Les élections législatives sont un échec pour Emmanuel Macron, qui est loin de disposer d’une majorité absolue, et affronte une situation inédite sous la V° République. Son score en voix est meilleur que celui prévu par les sondages, et il dépasse d’un million et demi de votes celui de la NUPES, mais les résultats en sièges d’Ensemble sont très en-deçà des pronostics les plus pessimistes. Emmanuel Macron paie l’usure du pouvoir, les approximations du gouvernement Borne, et le fait d’être le premier Président réélu au suffrage universel sans passer par une période de cohabitation.
Mais, malgré le triomphalisme de Jean-Luc Mélenchon, ces élections ne sont pas le succès espéré pour la NUPES. La coalition de gauche fait la moitié des sièges nécessaires pour prétendre gouverner et réalise un score historiquement bas – 1993 et 2017 mis à part. LFI est le principal bénéficiaire de l’opération : le parti quadruple sa représentation, avec 72 députés. Le PS, qui obtient 26 sièges, fait moins bien que dans l’assemblée sortante, où il était pourtant déjà à son plus bas depuis 1958. Le PC sauve les meubles avec 15 sièges. Les écologistes tirent leur épingle du jeu, avec 21 élus contre 1 précédemment.
Le grand vainqueur, chacun le sait, c’est le RN, qui obtient 89 sièges et 2 apparentés. Malgré un mode de scrutin qui lui est peu favorable et des électeurs qui tendent à s’abstenir aux législatives, et alors qu’il n’a quasiment pas fait campagne, le parti d’extrême-droite fait une entrée fracassante au Palais Bourbon – réplique des 41,5% obtenus par Marine Le Pen au second tour de l’élection présidentielle.
Le contexte de forte hostilité au gouvernement et au Président, alimenté par le discours très critique de la NUPES, a indirectement profité au RN. Les enquêtes montrent aussi la grande porosité entre les électorats LFI et RN, avec des reports de voix massifs – de l’ordre de 50% – dans les deux sens.

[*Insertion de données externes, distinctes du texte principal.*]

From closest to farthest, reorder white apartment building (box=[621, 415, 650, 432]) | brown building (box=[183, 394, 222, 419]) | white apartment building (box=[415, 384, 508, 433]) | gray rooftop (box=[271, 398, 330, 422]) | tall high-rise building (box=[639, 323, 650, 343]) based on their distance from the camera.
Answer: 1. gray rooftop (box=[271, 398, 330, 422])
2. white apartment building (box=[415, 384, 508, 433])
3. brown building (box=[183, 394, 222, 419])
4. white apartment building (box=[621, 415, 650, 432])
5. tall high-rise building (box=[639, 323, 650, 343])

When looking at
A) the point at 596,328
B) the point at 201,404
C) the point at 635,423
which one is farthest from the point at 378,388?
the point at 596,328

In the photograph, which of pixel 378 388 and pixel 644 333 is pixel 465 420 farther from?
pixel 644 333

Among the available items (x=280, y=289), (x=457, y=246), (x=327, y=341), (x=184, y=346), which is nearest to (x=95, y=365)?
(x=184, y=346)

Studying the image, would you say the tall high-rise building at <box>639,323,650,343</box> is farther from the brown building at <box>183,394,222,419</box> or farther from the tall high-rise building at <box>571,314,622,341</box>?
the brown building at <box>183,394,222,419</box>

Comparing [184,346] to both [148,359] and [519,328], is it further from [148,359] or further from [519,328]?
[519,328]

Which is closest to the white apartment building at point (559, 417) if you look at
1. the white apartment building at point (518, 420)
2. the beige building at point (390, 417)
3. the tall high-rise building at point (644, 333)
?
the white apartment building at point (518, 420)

Certains se réjouissent de ces résultats. Ils estiment que cette assemblée, plus représentative de l’électorat, similaire à celle qui serait issue d’un scrutin proportionnel, est un gage de démocratie et de revalorisation du parlement. Ils voient dans ce scrutin un tournant historique, qui va permettre de restaurer le rôle de l’Assemblée nationale, devenue au fil du temps une chambre d’enregistrement où rien d’important ne se passe. Ils y voient un nouvel espace de débat politique et de négociations entre les différents groupes politiques, loin du style « jupitérien » de la précédente législature.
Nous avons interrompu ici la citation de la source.